研究チームは、コンピューターモデルに基づく現在の予測では、温暖化が進んだ場合にこのプロセスが加速する可能性が過小評価されていると警告しています。
栽培面積が温帯の2億2000万ヘクタール以上を占める小麦は、地球上の最も広範囲で栽培されている作物です。メキシコにある国際トウモロコシ・コムギ改良センター(International Maize and Wheat Improvement Center、CIMMYT)によると、国によっては摂取カロリーの最大50%、タンパク栄養の20%を小麦に頼っています。
2010年には小麦輸出国のロシアで干ばつや森林火災が起き、世界の小麦価格が2年にわたって高騰。気候によって崩壊する国際供給網の脆弱さを浮き彫りにしました。

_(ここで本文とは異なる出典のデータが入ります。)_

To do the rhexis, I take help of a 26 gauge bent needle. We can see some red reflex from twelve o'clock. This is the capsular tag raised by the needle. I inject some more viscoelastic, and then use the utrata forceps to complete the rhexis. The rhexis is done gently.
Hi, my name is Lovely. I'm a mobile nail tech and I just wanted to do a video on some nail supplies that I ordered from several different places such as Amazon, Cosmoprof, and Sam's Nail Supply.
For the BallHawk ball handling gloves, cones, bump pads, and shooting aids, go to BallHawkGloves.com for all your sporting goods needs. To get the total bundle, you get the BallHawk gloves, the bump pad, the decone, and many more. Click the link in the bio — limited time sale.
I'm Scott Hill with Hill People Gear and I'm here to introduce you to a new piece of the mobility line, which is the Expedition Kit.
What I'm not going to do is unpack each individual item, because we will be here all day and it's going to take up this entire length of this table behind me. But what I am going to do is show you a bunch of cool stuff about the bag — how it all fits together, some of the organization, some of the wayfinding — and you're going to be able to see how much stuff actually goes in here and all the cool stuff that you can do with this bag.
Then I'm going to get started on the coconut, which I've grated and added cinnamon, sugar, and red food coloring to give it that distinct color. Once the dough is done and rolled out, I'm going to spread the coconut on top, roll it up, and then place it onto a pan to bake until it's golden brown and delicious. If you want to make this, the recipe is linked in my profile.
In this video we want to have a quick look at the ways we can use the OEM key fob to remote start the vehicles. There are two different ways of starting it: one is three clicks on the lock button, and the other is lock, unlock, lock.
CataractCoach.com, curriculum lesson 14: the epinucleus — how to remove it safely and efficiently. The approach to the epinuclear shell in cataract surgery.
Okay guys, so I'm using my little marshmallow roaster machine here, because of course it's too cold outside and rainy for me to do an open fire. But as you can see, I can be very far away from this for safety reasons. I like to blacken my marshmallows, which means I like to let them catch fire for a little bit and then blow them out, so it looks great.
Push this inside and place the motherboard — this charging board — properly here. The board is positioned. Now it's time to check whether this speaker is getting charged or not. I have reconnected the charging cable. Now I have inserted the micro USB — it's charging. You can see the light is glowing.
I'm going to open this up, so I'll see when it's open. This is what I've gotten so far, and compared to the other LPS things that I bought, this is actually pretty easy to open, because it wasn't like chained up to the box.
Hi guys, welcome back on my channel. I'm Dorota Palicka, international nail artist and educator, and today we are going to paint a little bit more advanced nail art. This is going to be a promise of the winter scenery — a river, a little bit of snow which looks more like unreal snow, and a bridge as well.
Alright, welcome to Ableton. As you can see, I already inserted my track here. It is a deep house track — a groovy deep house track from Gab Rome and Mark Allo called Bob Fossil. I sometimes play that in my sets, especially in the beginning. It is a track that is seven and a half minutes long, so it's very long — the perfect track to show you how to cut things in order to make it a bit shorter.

温室効果に関するこれまでの実験では、季節外れの高温、特に作物の生育期の終盤に異常高温が起きると、作物が老化することが分かっています。植物が耐えられる範囲を超える高温が、光合成を行う細胞器官を破壊してしまうのです。
米スタンフォード大学(Stanford University)のデービッド・ロベル(David Lobell)氏率いるチームは、インドのヒンドスタン平野(Indo-Ganges Plains)の衛星データ9年分を精査し、統計的手法を用いて、高温が小麦に及ぼした影響だけを抽出しました。
すると、気温が長期平均よりも2度上がると小麦の生育期間が9日短くなり、総収穫量が20%減っていたことが明らかになったとのこと。
世界各国は国連気候変動枠組み条約(UN Framework Convention on Climate Change、UNFCCC)の下、温暖化による有害な影響を避けるためには、気温上昇を産業革命前のレベルから2度以内に抑えるという目標を掲げています。ですが、現在の上昇傾向が続けば、気温は目標値の2倍まで上昇すると研究チームは警告しています。つまり「世界的に気温が4度上昇するという、かつては極端な場合として考えられていたシナリオが、2060年にも現実となる」といいます。
前年11月、国連(UN)の「気候変動に関する政府間パネル(IPCC)」は、人間が引き起こした気候変動によって熱波や酷暑は頻度も激しさも増しており、そうした極端な気候が将来増えることはほぼ確実だと結論付けました。1000ページに及ぶ報告で、IPCCは温暖化ガスの排出が衰えることなく続けば、2050年までに5年置き、21世紀末までには1年置きか毎年というペースで、20年に1度の酷暑に襲われるようになると警鐘を鳴らしています。(AFPBB News)
地球温暖化で降雨パターンも変動しやすくなっており、そのため小麦が弱りつつあり、生育に深刻な影響を及ぼしています。IPCC第4次評価報告書では、温暖化したときの低緯度における作物の収量減少は、温暖化がないときに比べ、途上国における飢餓人口を増加させると予想されています。